I'll never understand this fantasy people who hate on capitalism have that the world would be all fine and well if only this one time we did communism [1] right.

[1] or whatever floats your boat

swagasaurus-rex [3 hidden]5 mins ago
Nostalgia for childhood where you had a community (family) and your needs were taken care of (dependence).
hurtigioll [3 hidden]5 mins ago
pure Capitalism is law of the jungle

as we will soon find out, when AI will become better at Capitalism than us

derektank [3 hidden]5 mins ago
Not at all. Capitalism only exists as a product of the state, which acts as a guarantor of individual private property rights.

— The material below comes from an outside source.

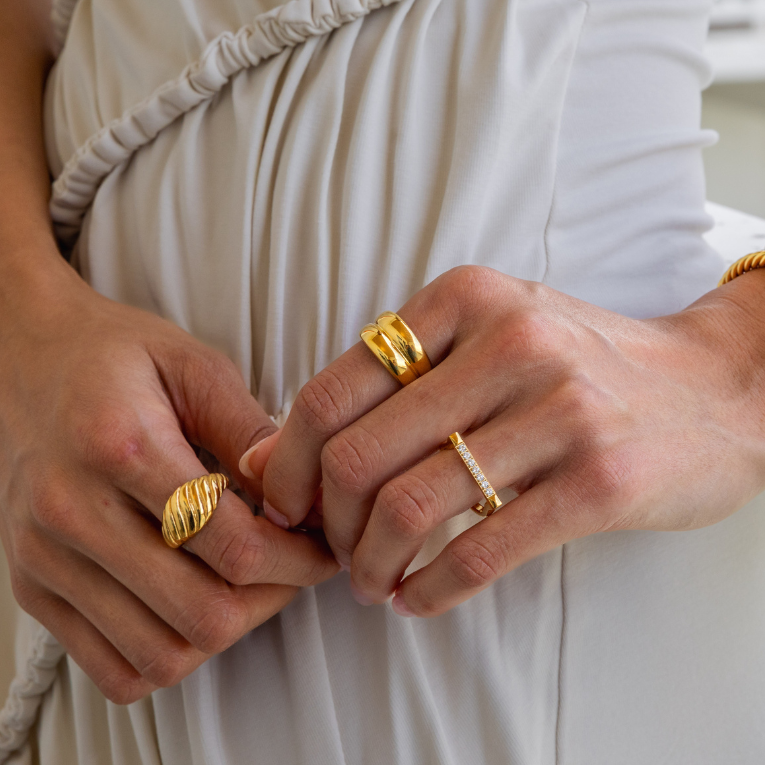 Waterproof Gold Twin Ring: 7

It would not be able to survive without the laws and law enforcement of a sovereign with a monopoly on the use of force.
euroderf [3 hidden]5 mins ago
Socialism XOR Dystopia
thriftwy [3 hidden]5 mins ago
I glimpsed last years of Soviet Union and it was pretty meh.

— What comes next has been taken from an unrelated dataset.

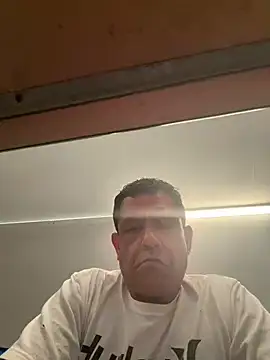 ryansingleton5092 online show from May 8, 2026, 7:08 pm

I remember seeing anything in the street (a payphone or a playground for kids) and assumed it will only degrade because as a general principle, things in the streets are unmaintained.

You could say that Soviet Union was bad specimen of socialism because of these stupid Russians?

Except, Russia actually got 100% out of socialism with our space exploration, passenger planes and nuclear stations. It's just that 100% of socialism is worse than your average capitalist dystopia.

ozgrakkurt [3 hidden]5 mins ago
I don’t believe in socialism or communism. But you have to consider, soviet union is Russians as much as it is communism, probably more.

Would the Russians be successful if they were the capitalists?

I’m not saying they wouldn’t but this is something to consider.

Did Europe advance more than Asia because they were Christian?

The cause/effect relationship people imagine between belief based topics can be very deceiving. This is more understandable if you consider how bad we are at even imagining cause/effect relationship in code style with code performance for example.

I don’t think Europe would be similar to Russia if they were communists. They wouldn’t be Europe if they were communists either so this is kind of meaningless.

borosuxks [3 hidden]5 mins ago
Degradation of public goods or services happen independently of socialism. Where I live we're unashamed capitalists, and every common thing, like playgrounds, are derelict and only being improved by community initiatives. The municipality has no money for it, and the state doesn't care. Neither does the capitalists.
sucrosesucrose [3 hidden]5 mins ago
The fatalist philosophers and authors have been mostly proven right as time marched on. And this time will be no different, the existence of "AI" ensures the future will be as dark or worse as the predictions expect. Why? Because humans are flawed and corrupt, too prone to excesses (specially conformism and convenience) and the exploitation of the natural world.
AnimalMuppet [3 hidden]5 mins ago
Um, I expected a fair probability of being in a post-nuclear world by now. Global cooling wasn't real. Y2K didn't end the world. The population explosion didn't result in mass starvation. Peak oil didn't end civilization.

So no, I don't agree that "the fatalist philosophers and authors have been mostly proven right as time marched on." No, they haven't. There have been far more fatalistic predictions than there have been actual catastrophes.